The Problem of Dark Data

A March New York Times article sounded warning bells for researchers: the scourge of dark data. Dark data doesn’t refer to anything secret or illegal, but rather data developed by the government and other organizations subject to loss. A more complete definition, often used in the corporate context, is "the information assets organizations collect, process and store during regular business activities, but generally fail to use for other purposes.” Concern over the loss of data that could lead to new discoveries has been especially equated with the loss of scientific data stored by agencies and other organizations. Much of this data is stored on government servers, with no legal obligation to remain available. The Trump administration’s proposed cuts to scientific research and agency funding has only increased the alarm felt by scientists and other researchers.
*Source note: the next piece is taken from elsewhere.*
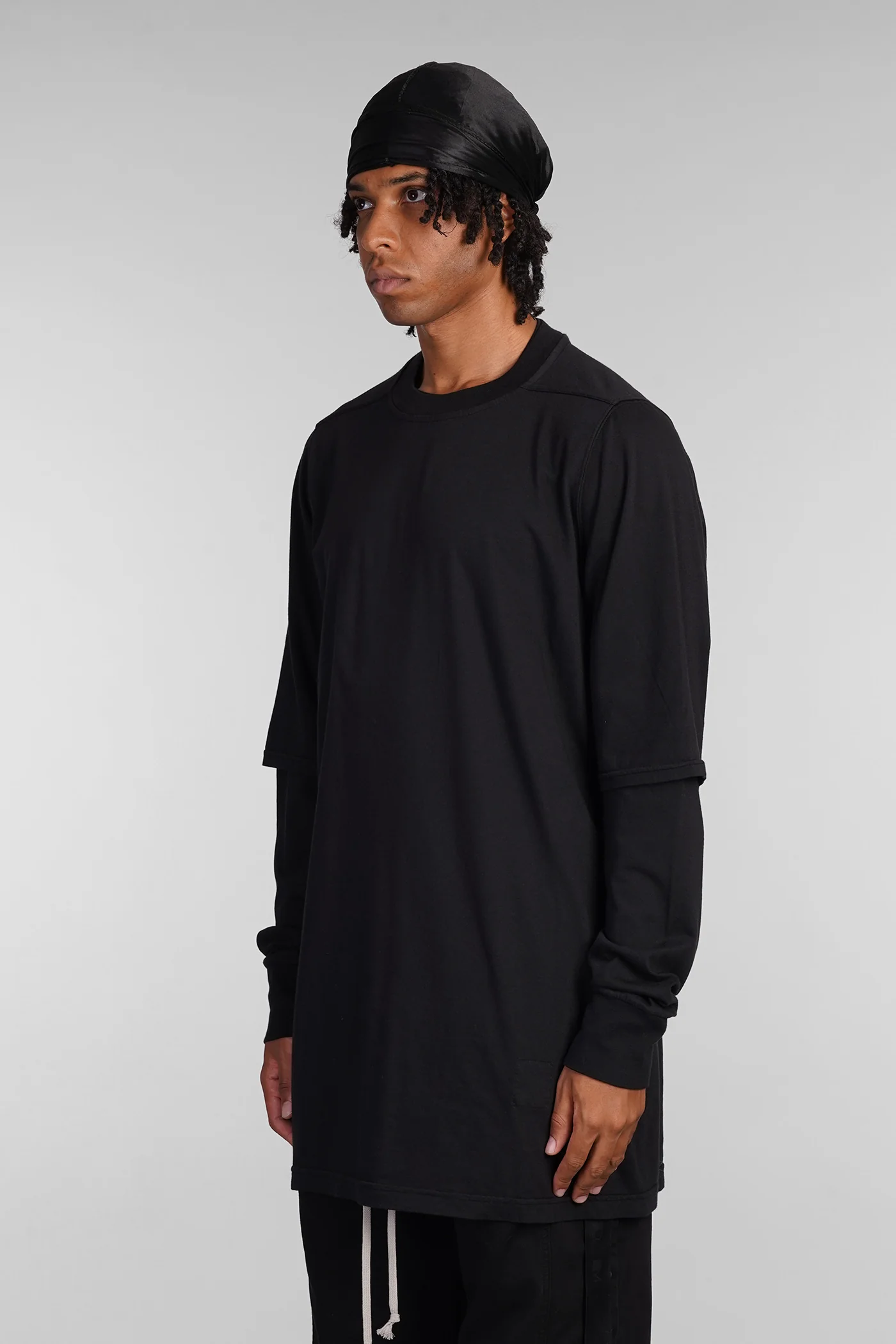 Hustler t T-Shirt in black cotton - Image 4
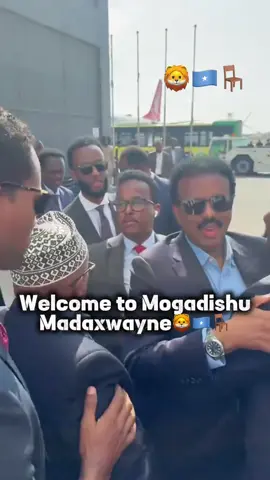 Welcome mw🦁#mogadishotiktok #somalitiktok #farmaajo #mareexanpowers🇱🇺💪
An additional problem is that dark data, by definition, is unknown. It can’t be verified if it can’t be found, even though we know it’s there. Somewhere. Right now, data.gov is the central repository for government created databases, but it relies on agencies to self-report and is, by many researchers’ estimates, only a fraction of data created by the agencies. The use of proprietary code and data.gov’s practice of linking to data housed on websites, instead of the databases themselves, makes it even more difficult for researchers.

While there does not seem to be any federal legislation prohibiting the destruction or decentralization of these types of data, several non-profits have formed to save this data from going dark, by identifying and downloading  data viewed as vulnerable to deletion.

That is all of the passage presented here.